Safety & Tolerability
- There was no dose-dependent increase in body weight: a minimal
least-square mean increase of 0.68 kg was observed at the top dose
of 22.5 mg vs. placebo (previously reported).
- Low incidence of edema without observed treatment or dose
relation when compared to placebo (previously reported).
- With respect to other safety measures, PXL065 was observed to
be generally safe and well tolerated; the number of patients
presenting with treatment-emergent serious adverse events (TESAEs)

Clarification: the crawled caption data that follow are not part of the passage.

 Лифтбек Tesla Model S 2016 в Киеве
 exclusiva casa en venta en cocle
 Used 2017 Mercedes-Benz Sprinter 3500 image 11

were similar among all groups including placebo without dose
effect. None were treatment related (previously reported).
Pharmacokinetics
- As predicted, pharmacokinetic measurements showed
dose-proportional drug levels with the desired degree of higher
exposure to the pioglitazone R-stereoisomer and reduced exposure to
the (PPARγ active) S-stereoisomer (previously reported).
The full Phase 2 results will be submitted for presentation at
an upcoming scientific meeting.
About PXL065
PXL065 is a novel, proprietary deuterium-stabilized
R-pioglitazone. Although pioglitazone is not approved by the FDA
for the treatment of NASH, it is the most extensively studied drug
for NASH; in multiple prior trials, improvements in liver
histology, including reductions in fibrosis, were demonstrated2,3.
Pioglitazone is the only drug recommended for biopsy-proven NASH
patients by the Practice Guidelines published by the American
Association for the Study of Liver Diseases (AASLD) and the
European Association for the Study of the Liver (EASL)4.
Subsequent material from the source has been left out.